Svenja Deininger (*1974), die bei Timm Ulrichs in Münster und bei Albert Oehlen in Düsseldorf studierte, lebt und arbeitet in Wien. Deiningers eigenständige Auseinandersetzung mit dem Medium Malerei ist von einem konzeptuellen Ansatz geprägt, der bewusst die Grenzen der Malerei auslotet und dem traditionellen Medium eine spannungsreiche Aktualität verleiht. In ihren aus geometrischen Grundformen konstruierten, zumeist kleinformatigen Bildkompositionen untersucht sie »Fragen zu Raum, zum Maluntergrund, zum Wechsel zwischen Blickanreiz und den malerischen Ebenen, zwischen Muster und Raum«, so Deininger.

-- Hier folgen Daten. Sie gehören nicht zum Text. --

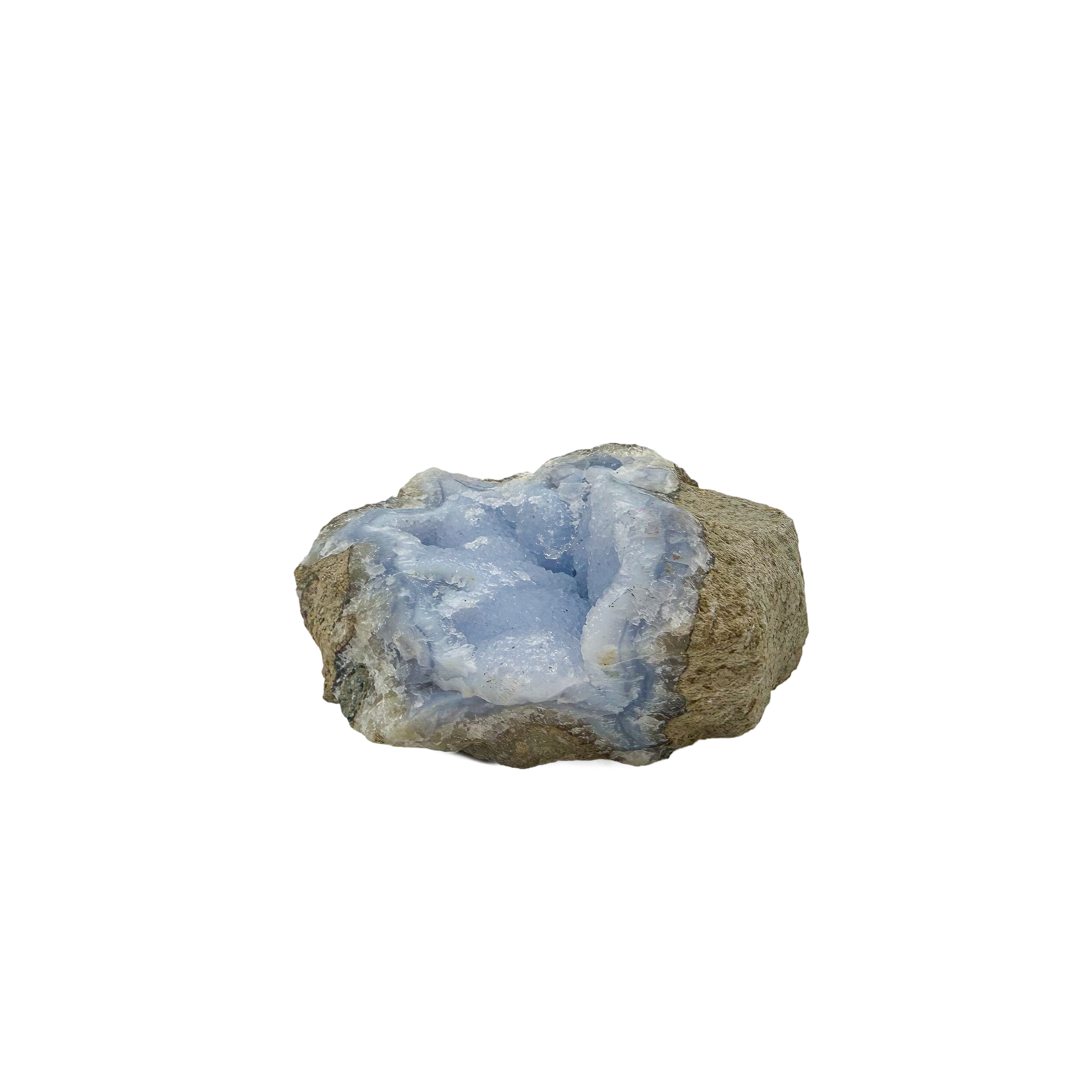 Blue lace agate raw geode from Malawi, uncut host rock framing the central vug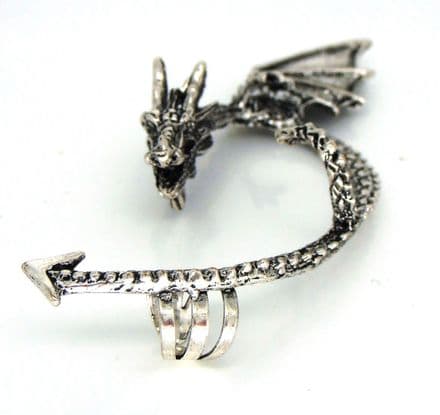 GAME OF THRONES - DRAGON EAR CUFF Silver Colour, Prop replica 5110
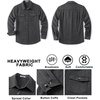 image:imageCOOFANDY Mens Flannel Shirt Jacket Long Sleeve Plaid Shacket with PocketsDark Grey Solid Color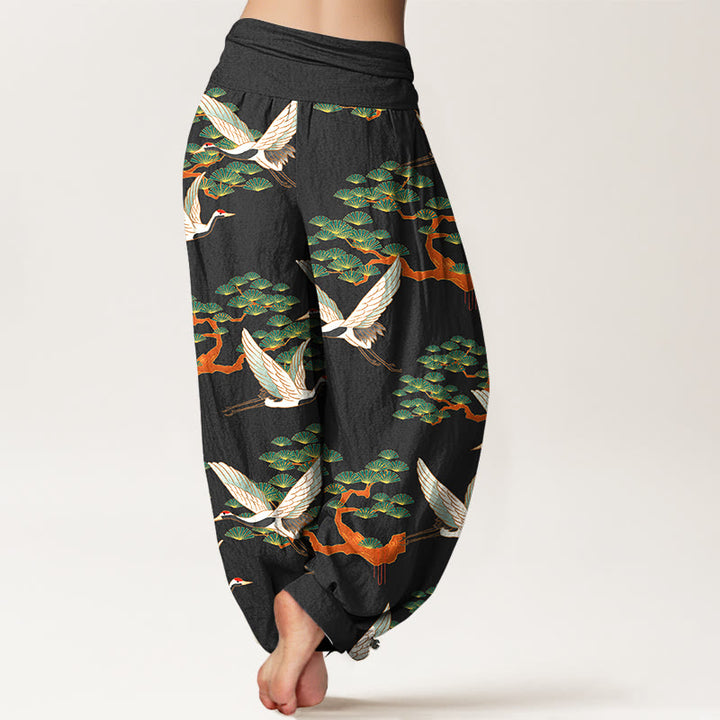 Pantalón tipo harem de cintura elástica para mujer, de algodón puro, con estampado de Buddha Stones, pinos y grullas. - Negro - US16，UK/AU20，EU48 (3XL) - image 8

An manchen Stellen arbeitet sie gezielt mit kleinen Abweichungen und Irritationen gegen die Ausgewogenheit der Komposition und die geometrische Präzision – mithilfe ausgefranster Konturen, abgeschabter Farbe oder der Positionierung einer Form an der Bildgrenze. So wird der Reiz einer unmittelbar sich ins Bild eintragenden Prozessualität, die sich auch auf der Ebene des unabschließbaren Betrachtungsvorgangs manifestiert, zu einem Charakteristikum von Deiningers Malerei. Durch die collageartige Schichtung einzelner Farbflächen mit unterschiedlichen Oberflächenwerten entsteht der Eindruck eines durchlässigen Bildraumes, wobei sowohl die raue Struktur der Leinwand als auch ihre Grundierung über ihre reine Bildträgerfunktion hinaus als integrale Bestandteile der Komposition wirken. »So entstehen Räume, nicht als Übersetzung von unserer physischen Wirklichkeit in Malerei, nicht über Farben als symbolhafte Sprache, sondern als Atmosphäre – darum sind es eigentlich auch keine abstrakten Bilder.« (Svenja Deininger)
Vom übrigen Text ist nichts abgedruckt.